DIRECTIONS FOR THIS TASK:
Take each line in the entries below that holds "Soft" and show it.

MATERIAL TO PROCESS:
►

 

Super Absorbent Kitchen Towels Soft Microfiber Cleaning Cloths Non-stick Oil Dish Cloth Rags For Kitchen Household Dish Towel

◄
►

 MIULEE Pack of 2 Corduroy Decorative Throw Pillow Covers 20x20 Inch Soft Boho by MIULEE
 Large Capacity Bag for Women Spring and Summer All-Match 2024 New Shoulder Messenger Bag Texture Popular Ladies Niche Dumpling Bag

◄

ANSWER TO THE PROBLEM:
Super Absorbent Kitchen Towels Soft Microfiber Cleaning Cloths Non-stick Oil Dish Cloth Rags For Kitchen Household Dish Towel
 MIULEE Pack of 2 Corduroy Decorative Throw Pillow Covers 20x20 Inch Soft Boho by MIULEE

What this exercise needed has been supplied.